Should I get my mother a belated birthday present?

My mother insisted she didn’t want any gifts. Every time I asked her what she wanted, she told me she didn’t want anything. She wanted some help with gardening and that was all, no presents. I felt a little uncomfortable with this, but ultimately listened to her.

And then yesterday on her birthday, much to my horror, I realized I was the only one who had listened. :smack:

Everyone else, despite her request, got her presents. Nice ones, too. There was much oohing, ahhing and squealing from her. I’m helping her prepare her garden for winter today–and I’m the only one doing so–but I feel pretty cheap in comparison to everyone else now.

I’ll feel lame, giving something a day late and I know if I ask her about it she’ll probably tell me no regardless of her actual feelings, because…well, that’s what mothers do, but should I just go ahead and get her a present today?

Nah. Take her at her word. She’s a big girl and is perfectly capable of clearly expressing her wishes. You’re also a big girl and are perfectly capable of taking her at her word and not worrying about what everyone else does. This isn’t worth worrying about one more jot.

Did she not want anything because she truly did not want anything, or did she not want anything because she’s your mom and “Pshaw, honey, I don’t need you to spend your hard-earned money on me!”

I tell my teenaged kids not to get me anything because of #2. I don’t want them spending money on me.

I wouldn’t worry about it. Give her a card, take her out to a nice lunch, help her with her garden. Make sure you don’t forget her birthday, regardless of what gift you may or may not give her.

Nah, helping out with the garden is a big thing. Much better than any sort of bauble you could have gotten her that she didn’t need.

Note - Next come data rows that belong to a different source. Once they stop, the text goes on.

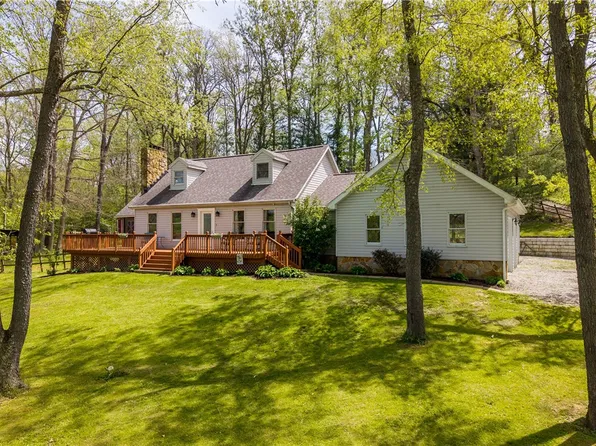 10 Oakridge Ln, Hickory, PA 15340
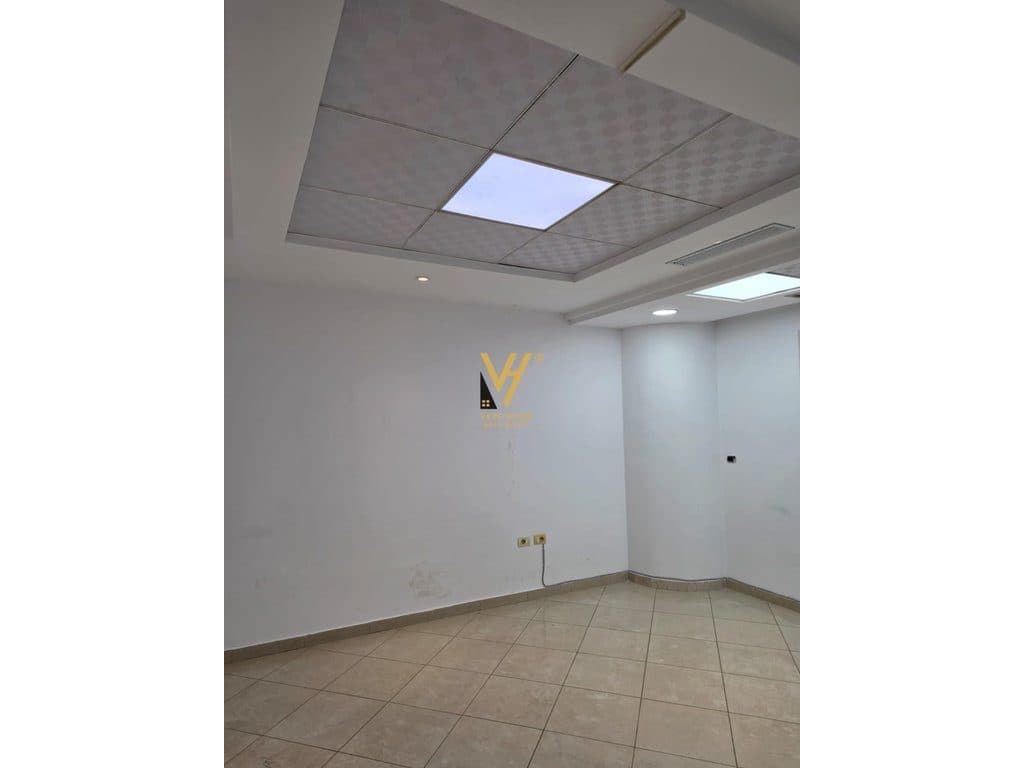 JEPET ZYRE 167 M2 ME QERA TE PIRAMIDA 2.500 EURO 4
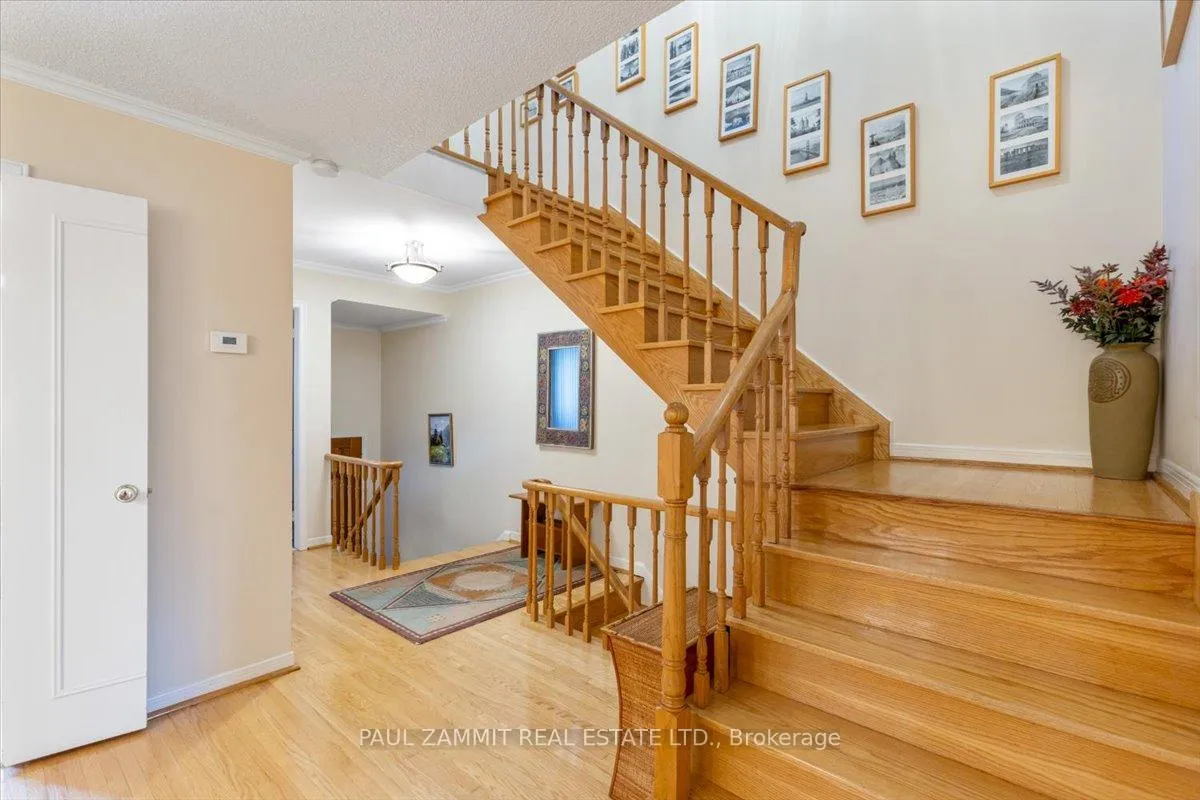 Photo 12 of 90 Quail Valley Crescent, Markham, German Mills — HOMEH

You’ll be spending time with her and helping her get some hard work done. She’ll be able to appreciate your gift well into the spring!

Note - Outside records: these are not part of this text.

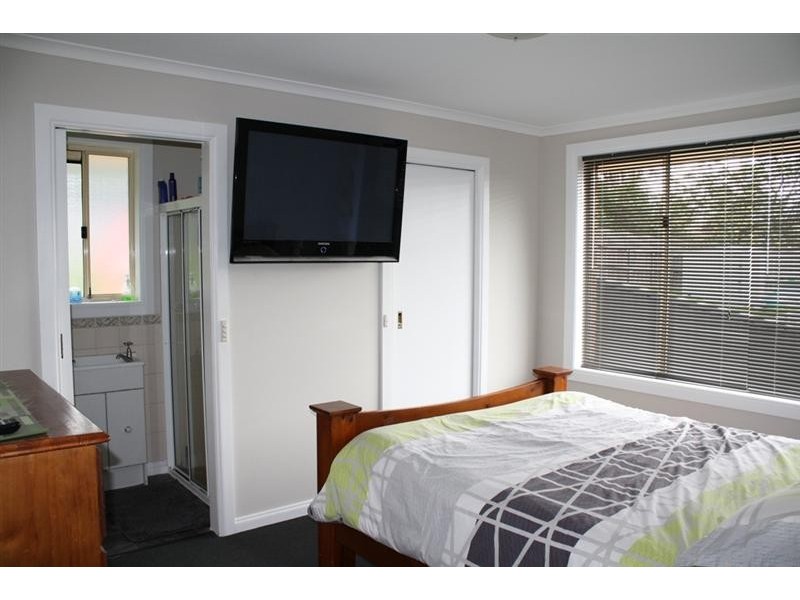 8 Tollard Place, Rokeby TAS 7019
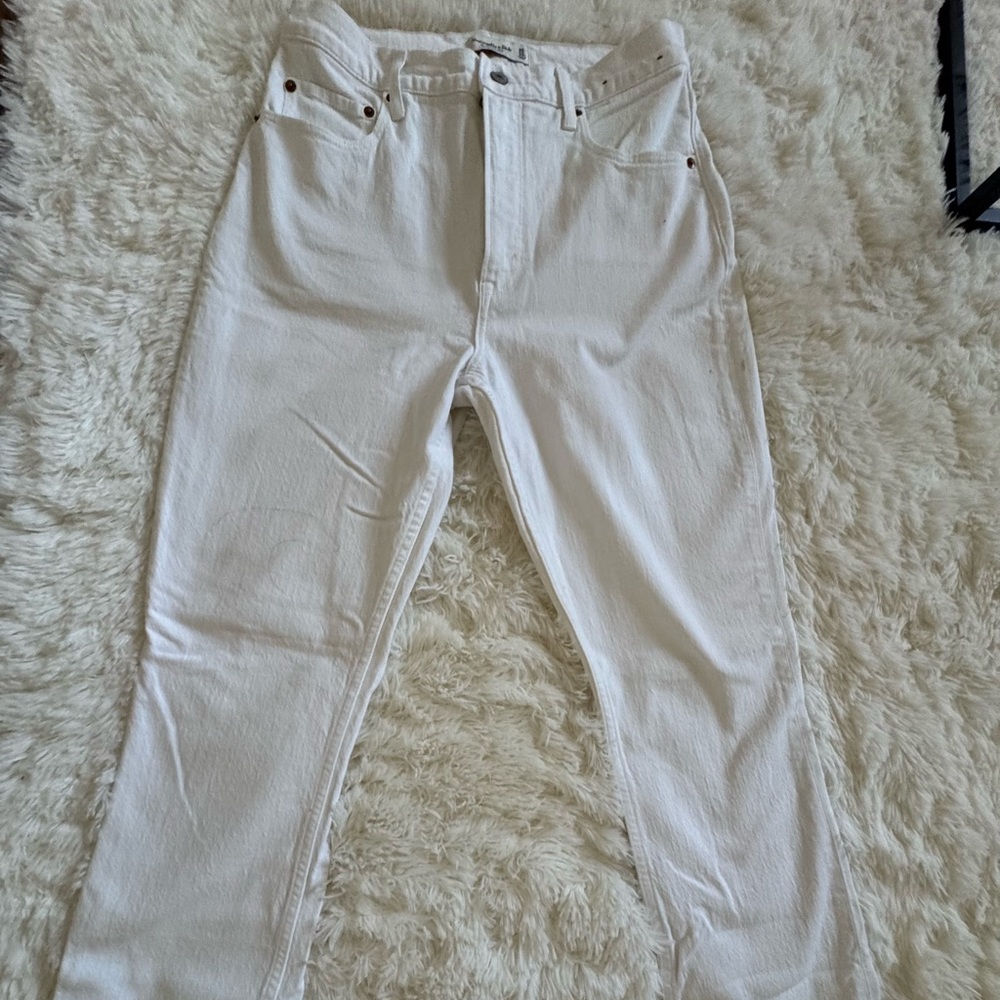 Abercrombie & Fitch White Women Jeans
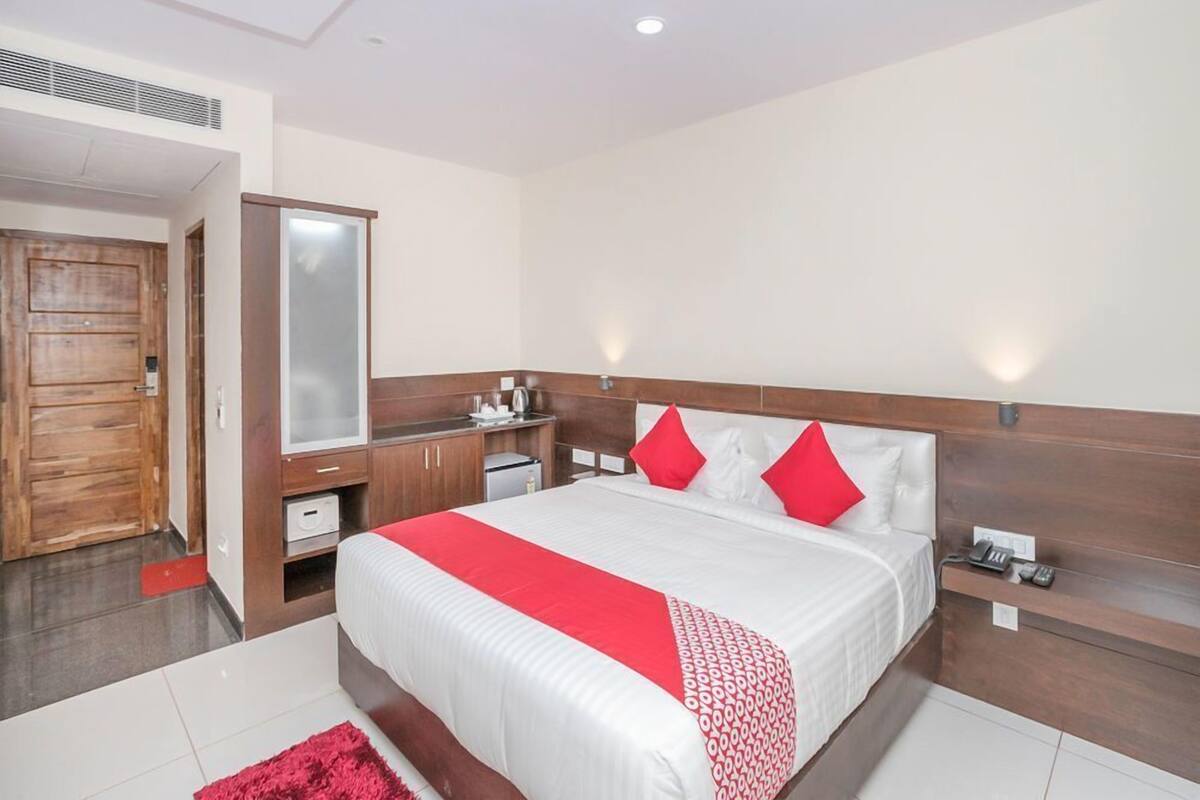 Standard Double Room, 1 King Bed, Non Smoking | Egyptian cotton sheets, premium bedding, in-room safe, WiFi (free)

Thanks for the reassurance, everyone! I’d assisted in throwing her a party and cleaned up afterwards, but I still felt a little “off” about not having some material gift to offer up when I saw the presents from everyone else. I figure what I’ll do is spend the day elbows deep in the garden and then suggest taking her out to dinner.

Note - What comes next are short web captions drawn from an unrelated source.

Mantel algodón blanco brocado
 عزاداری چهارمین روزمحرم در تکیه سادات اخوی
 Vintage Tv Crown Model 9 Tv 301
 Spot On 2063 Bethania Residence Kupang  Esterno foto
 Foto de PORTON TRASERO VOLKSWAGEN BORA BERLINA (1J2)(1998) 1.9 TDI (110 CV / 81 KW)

Being a new mom, all I want is less stuff to clean up. My husband is under strict orders to get me nothing but help in our garden and a back rub. You know your mom better than I, but yardwork, and cleaning in general, can be a huge chore.

What they said. And of course mom is going to ooh and ah at gifts. It’s what we do.

Help with heavy chores – who wouldn’t love that gift?

Erma Bombeck had a lovely article about gifts from her kids. When they were in kindergarten, they gave her laboriously handmade items made in class…one was half a paper plate with a doily stapled to it and crayon scribbles all over it, and her child proudly told her it was a crumb scraper!

As the kids got older, she got more practical, “nice” things, but every once in a while, she longed for the day when she got a handmade crumb scraper.

You’re her kid. No matter what you do or give her, she will treasure it. Get over your guilt and get her garden planted!